Some Thoughts On Life... Print friendly version

Indecision is the key to flexibility.

There is absolutely no substitute for a genuine lack of preparation.

Nostalgia is not what it used to be.

Sometimes too much to drink is not enough.

The facts, although interesting, are irrelevant.

Things are more like they are today than they ever were before.

Anything worth fighting for is worth fighting dirty for.

I have seen the truth and it makes no sense.

If you can smile when things go wrong you have someone in mind to blame.

Not one shred of evidence supports the notion that life is serious.

There is always one more imbecile than you counted on.

No matter where you go, there you are.

If at first you don't succeed, try reading the directions.

He who laughs last, thinks slowest.

A penny saved is a penny.

There is a fine line between fishing and just standing on the shore like an idiot.

My theory of evolution is that Darwin was adopted.

A Freudian slip is when you say one thing but mean your mother.

Madness takes its toll. Please have exact change.

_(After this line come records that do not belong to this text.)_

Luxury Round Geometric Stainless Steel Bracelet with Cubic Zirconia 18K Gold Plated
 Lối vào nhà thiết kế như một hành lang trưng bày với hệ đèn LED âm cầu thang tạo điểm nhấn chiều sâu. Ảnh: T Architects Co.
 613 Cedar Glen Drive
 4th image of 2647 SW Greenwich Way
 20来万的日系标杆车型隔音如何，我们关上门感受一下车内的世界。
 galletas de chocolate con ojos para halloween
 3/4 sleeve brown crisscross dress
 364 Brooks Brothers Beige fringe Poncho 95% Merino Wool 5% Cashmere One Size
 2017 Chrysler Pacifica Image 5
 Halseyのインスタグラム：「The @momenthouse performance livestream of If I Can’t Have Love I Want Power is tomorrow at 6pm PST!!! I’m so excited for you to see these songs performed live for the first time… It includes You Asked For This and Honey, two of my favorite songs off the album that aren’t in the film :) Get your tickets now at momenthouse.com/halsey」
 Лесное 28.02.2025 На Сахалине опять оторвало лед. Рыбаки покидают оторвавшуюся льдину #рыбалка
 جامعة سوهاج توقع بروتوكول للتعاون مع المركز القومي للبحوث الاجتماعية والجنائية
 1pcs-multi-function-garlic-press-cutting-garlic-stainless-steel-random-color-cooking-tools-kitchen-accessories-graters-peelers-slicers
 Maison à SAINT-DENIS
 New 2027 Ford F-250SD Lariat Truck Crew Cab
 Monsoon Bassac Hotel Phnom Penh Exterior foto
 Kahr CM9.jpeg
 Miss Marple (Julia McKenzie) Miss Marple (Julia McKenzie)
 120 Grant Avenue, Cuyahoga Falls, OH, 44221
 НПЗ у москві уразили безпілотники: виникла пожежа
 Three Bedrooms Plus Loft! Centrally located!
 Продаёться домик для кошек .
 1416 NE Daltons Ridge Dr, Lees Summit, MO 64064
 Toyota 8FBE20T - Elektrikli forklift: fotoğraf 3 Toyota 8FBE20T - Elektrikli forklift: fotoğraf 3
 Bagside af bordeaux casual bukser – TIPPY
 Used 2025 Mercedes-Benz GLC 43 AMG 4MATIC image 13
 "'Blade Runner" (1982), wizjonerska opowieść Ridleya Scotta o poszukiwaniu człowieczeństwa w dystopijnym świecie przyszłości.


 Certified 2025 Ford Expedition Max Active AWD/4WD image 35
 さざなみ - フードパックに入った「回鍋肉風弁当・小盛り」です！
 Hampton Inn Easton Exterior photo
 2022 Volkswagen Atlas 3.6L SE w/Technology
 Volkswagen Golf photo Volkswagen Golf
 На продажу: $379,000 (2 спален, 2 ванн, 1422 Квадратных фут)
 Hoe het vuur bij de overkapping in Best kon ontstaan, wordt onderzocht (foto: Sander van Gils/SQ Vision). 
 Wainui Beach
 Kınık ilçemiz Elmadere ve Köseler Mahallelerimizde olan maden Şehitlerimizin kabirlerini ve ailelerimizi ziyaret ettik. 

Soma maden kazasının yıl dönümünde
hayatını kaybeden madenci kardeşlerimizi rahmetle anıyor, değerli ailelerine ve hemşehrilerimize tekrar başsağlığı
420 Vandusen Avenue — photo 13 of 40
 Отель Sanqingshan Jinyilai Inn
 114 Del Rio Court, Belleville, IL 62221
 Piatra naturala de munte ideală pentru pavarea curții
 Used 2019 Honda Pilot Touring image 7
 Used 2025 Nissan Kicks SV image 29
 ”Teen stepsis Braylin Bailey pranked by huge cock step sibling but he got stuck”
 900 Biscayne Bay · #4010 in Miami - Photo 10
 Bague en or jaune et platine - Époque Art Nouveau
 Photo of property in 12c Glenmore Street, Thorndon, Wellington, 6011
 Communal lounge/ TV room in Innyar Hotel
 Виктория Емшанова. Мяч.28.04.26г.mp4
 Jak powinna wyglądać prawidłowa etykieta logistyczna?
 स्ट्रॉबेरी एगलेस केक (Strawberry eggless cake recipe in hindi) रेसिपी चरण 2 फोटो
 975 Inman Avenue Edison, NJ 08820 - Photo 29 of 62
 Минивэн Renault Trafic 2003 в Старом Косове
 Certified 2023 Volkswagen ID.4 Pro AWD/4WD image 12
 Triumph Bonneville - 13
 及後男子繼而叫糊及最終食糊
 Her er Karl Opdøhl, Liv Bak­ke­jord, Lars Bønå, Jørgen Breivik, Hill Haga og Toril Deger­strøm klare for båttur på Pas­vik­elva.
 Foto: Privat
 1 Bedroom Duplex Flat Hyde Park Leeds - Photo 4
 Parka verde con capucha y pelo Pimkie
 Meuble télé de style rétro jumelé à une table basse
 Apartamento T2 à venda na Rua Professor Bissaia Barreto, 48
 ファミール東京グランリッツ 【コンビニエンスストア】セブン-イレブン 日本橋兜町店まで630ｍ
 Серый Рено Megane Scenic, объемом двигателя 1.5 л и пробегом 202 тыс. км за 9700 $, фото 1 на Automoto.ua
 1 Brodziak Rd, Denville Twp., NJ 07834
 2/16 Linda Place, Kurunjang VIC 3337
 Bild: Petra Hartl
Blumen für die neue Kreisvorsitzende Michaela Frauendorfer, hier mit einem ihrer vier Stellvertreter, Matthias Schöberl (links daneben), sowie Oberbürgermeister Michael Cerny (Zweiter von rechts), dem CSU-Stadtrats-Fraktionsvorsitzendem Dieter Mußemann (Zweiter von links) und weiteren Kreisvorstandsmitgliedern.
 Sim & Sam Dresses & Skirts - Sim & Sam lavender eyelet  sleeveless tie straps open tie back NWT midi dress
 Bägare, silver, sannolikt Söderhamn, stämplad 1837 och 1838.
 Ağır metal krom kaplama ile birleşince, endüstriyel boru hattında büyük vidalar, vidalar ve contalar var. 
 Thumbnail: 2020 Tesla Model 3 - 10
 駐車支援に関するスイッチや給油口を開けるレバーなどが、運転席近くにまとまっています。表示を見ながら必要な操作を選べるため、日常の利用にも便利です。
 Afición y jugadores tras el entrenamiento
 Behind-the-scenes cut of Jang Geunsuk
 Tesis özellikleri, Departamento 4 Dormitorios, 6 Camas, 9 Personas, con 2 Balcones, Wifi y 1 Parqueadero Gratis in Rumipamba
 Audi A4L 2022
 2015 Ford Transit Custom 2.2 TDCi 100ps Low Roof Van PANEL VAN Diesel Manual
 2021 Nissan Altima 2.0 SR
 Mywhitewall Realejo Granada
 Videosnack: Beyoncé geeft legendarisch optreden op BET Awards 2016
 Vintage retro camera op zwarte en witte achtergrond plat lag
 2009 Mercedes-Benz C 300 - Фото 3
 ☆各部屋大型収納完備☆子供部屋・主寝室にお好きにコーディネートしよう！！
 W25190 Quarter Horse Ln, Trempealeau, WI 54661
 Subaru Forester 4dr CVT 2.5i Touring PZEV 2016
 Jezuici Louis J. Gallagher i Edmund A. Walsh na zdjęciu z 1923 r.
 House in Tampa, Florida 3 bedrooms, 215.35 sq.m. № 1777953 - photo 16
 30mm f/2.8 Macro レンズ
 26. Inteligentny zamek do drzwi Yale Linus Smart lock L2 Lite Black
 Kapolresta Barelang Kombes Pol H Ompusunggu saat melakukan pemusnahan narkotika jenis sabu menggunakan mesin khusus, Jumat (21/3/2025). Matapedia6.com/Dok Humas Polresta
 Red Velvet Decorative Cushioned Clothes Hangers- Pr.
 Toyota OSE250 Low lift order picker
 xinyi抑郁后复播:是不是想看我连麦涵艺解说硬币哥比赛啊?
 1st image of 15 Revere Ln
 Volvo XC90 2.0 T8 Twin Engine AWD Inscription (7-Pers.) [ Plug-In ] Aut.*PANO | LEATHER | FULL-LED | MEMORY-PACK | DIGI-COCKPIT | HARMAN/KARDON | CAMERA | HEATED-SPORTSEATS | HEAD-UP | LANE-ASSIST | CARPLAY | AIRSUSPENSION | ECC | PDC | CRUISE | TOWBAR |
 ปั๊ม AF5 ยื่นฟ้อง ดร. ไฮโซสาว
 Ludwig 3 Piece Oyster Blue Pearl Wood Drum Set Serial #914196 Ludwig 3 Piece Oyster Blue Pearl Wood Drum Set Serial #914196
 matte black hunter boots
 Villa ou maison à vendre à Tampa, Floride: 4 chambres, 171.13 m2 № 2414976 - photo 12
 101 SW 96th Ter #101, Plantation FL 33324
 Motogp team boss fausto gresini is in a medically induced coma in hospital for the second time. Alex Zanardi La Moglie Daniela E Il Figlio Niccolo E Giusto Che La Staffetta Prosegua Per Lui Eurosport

Applying computer technology is simply finding the right wrench to pound in the correct screw.

Procrastinate now.

Writing about music is like dancing about architecture.

Experience is that marvelous thing that enables you to recognize a mistake when you make it again.

Sorry, but my karma just ran over your dogma.

Drawing on my fine command of language I said nothing.

How did a fool and his money get together?

For every action there is an equal and opposite criticism.

To succeed in politics it is often necessary to rise above your principles.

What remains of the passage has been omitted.